[Records excerpted from a collection]
--------------------------------

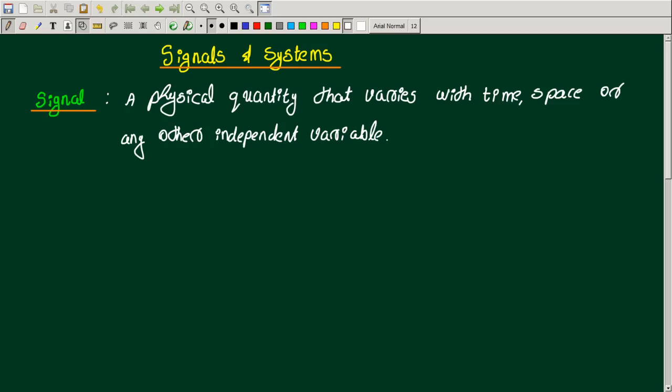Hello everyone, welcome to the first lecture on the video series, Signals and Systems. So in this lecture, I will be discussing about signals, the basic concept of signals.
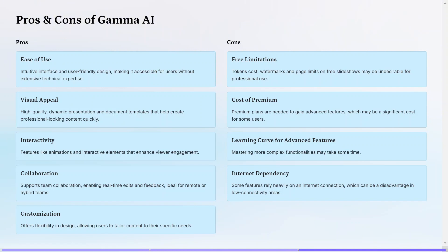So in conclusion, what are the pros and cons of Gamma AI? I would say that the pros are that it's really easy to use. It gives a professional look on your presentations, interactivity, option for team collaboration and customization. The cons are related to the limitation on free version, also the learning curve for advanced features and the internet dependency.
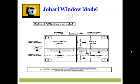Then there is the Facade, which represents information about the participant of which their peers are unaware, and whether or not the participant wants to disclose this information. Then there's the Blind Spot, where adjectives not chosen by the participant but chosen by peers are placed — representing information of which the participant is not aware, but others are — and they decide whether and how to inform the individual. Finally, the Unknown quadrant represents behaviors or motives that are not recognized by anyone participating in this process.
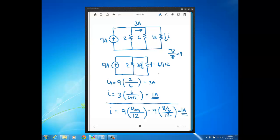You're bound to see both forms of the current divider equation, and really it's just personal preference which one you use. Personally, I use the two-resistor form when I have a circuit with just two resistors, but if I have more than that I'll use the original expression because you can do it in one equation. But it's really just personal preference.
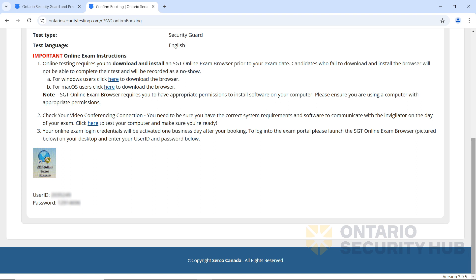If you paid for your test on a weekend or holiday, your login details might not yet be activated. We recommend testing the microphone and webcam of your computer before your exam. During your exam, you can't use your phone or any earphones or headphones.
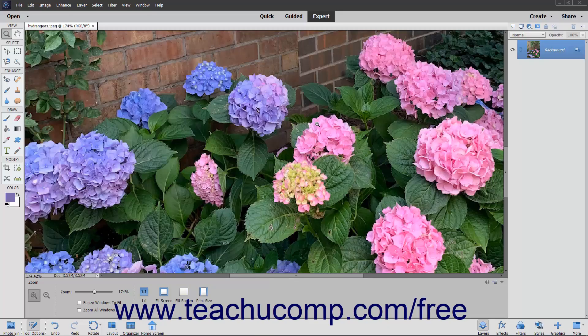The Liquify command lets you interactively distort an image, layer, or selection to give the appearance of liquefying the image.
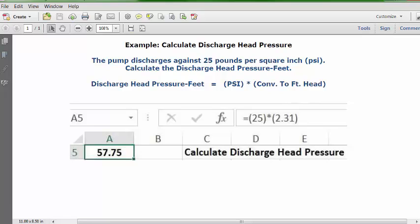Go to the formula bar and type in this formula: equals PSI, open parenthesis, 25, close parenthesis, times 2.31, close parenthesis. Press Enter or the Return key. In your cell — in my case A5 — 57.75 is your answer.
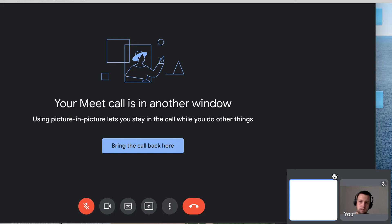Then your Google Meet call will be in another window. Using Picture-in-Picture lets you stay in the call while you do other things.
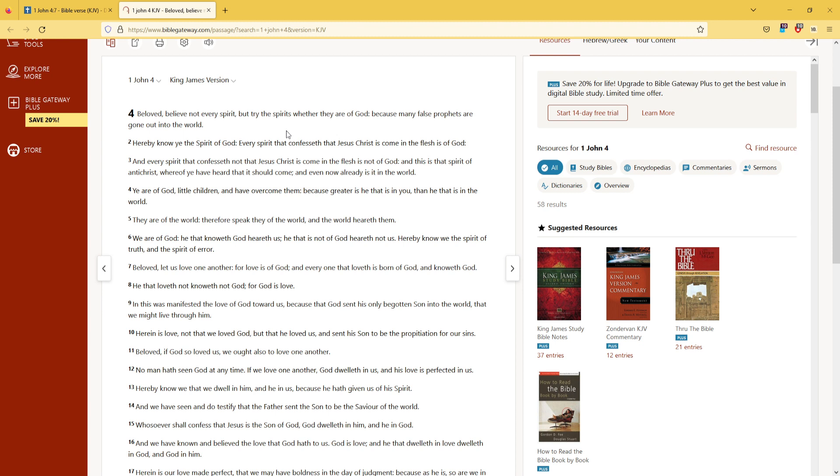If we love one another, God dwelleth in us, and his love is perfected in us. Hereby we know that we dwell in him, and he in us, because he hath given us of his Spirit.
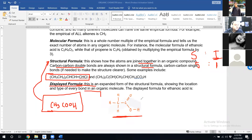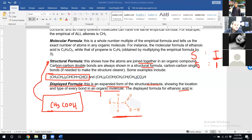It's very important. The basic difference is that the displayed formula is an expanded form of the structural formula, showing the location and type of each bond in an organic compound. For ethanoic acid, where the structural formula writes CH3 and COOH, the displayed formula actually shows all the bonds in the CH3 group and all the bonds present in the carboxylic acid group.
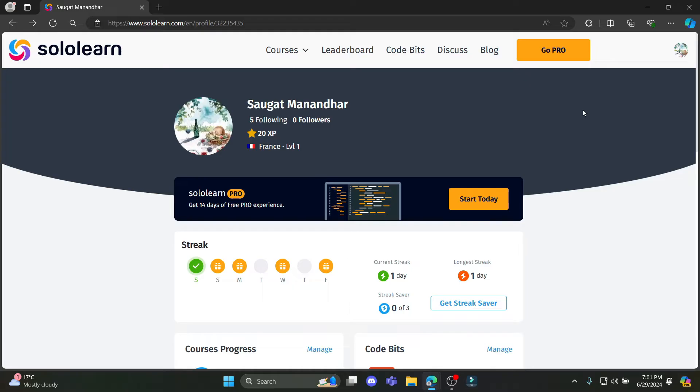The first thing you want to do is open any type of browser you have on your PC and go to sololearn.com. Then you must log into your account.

--------------------------------

[WORK INSTRUCTIONS] In the data above, the stretch from the line with "If you paid" through the line with "If we love one" is to be returned exactly, minus any pictures.

[WRITTEN RESPONSE]
If you paid for your test on a weekend or holiday, your login details might not yet be activated. We recommend testing the microphone and webcam of your computer before your exam. During your exam, you can't use your phone or any earphones or headphones.
The Liquify command lets you interactively distort an image, layer, or selection to give the appearance of liquefying the image.
Go to the formula bar and type in this formula: equals PSI, open parenthesis, 25, close parenthesis, times 2.31, close parenthesis. Press Enter or the Return key. In your cell — in my case A5 — 57.75 is your answer.
Then your Google Meet call will be in another window. Using Picture-in-Picture lets you stay in the call while you do other things.
If we love one another, God dwelleth in us, and his love is perfected in us. Hereby we know that we dwell in him, and he in us, because he hath given us of his Spirit.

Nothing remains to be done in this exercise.